** WHAT TO PRODUCE **
Your job is to print, exactly, the lines in the data below from the line with "Female accountant using adding machine, looking down View" through the line with "Coins of different", both included, and to omit any picture.

** DATA FOR THIS EXERCISE **
↓

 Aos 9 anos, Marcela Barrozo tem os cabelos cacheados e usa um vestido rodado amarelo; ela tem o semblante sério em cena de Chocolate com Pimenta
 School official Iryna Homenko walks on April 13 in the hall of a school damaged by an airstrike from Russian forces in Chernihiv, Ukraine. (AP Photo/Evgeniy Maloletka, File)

↑
↓

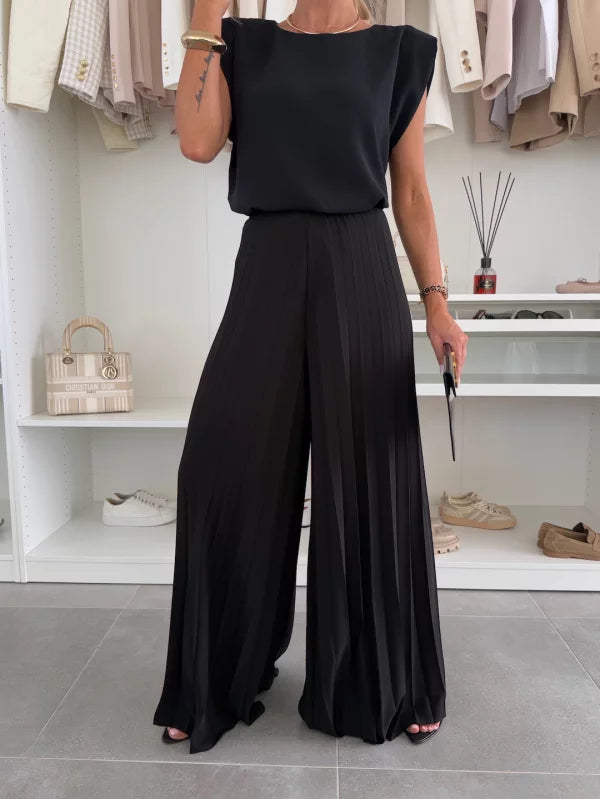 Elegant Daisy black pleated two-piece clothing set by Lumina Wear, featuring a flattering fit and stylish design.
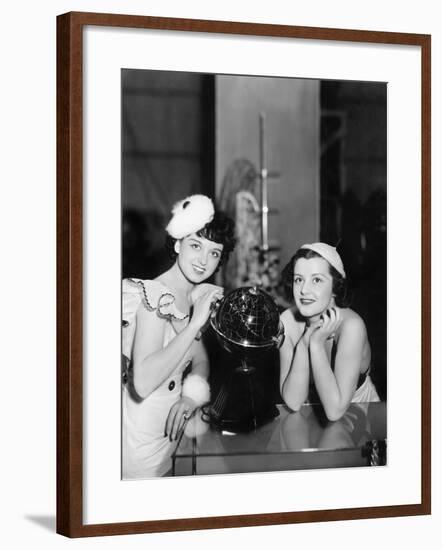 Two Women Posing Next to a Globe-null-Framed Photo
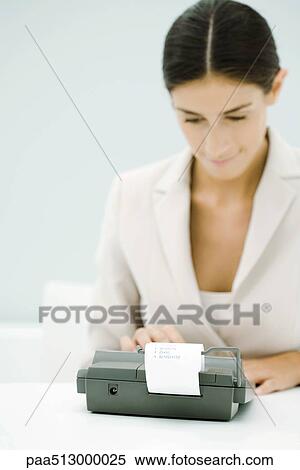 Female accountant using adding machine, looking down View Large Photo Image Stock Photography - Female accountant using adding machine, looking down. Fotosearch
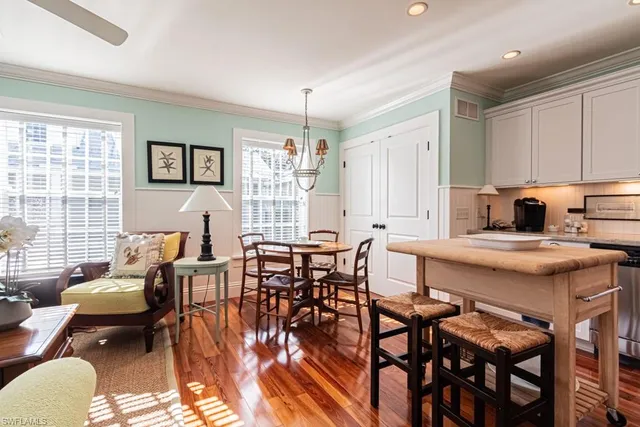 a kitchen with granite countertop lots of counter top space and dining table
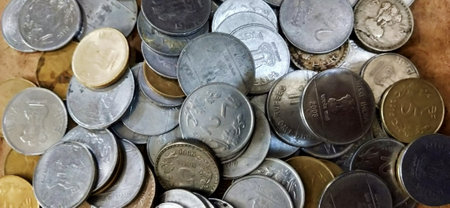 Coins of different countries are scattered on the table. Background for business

↑

** ANSWER TO THE PROBLEM **
 Female accountant using adding machine, looking down View Large Photo Image Stock Photography - Female accountant using adding machine, looking down. Fotosearch
 a kitchen with granite countertop lots of counter top space and dining table
 Coins of different countries are scattered on the table. Background for business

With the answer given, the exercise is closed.